Sobering Look At The Threat Of Ebola

Healthcare,IMMIGRATION,Science

            

“Six Reasons to Panic,” at the Weekly Standard, offers a sobering, scientific look at the threat of Ebola:

1. According to the New England Journal of Medicine, … this Ebola is related to, but genetically distinct from, previous known strains, and thus may have distinct mechanisms of transmission. … Not everyone is convinced that this Ebola isn’t airborne. Last month, the University of Minnesota’s Center for Infectious Disease Research and Policy published an article arguing that the current Ebola has “unclear modes of transmission” and that “there is scientific and epidemiologic evidence that Ebola virus has the potential to be transmitted via infectious aerosol particles … even if this Ebola isn’t airborne right now, it might become so in the future.

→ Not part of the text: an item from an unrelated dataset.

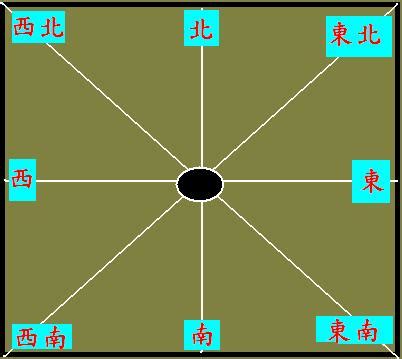 洩氣方位|八宅財位和魚缸擺放之位置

Viruses mutate and evolve in the wild, and the population of infected Ebola carriers is now bigger than it has been at any point in history—meaning that the pool for potential mutations is larger than it has ever been.

2. General infection rates are terrifying, too. … despite the fact that Duncan was a lone man under scrupulous, first-world care, with the eyes of the entire nation on him, his R0 [“‘reproduction number’ … how many new infections each infected person causes”] was 2, just like that of your average Liberian Ebola victim. One carrier; two infections.

4. … The worst-case scenario envisioned by the [CDC] model is anywhere from 537,000 to 1,367,000 cases by January. Just in Liberia. With the fever [is] still raging out of control. …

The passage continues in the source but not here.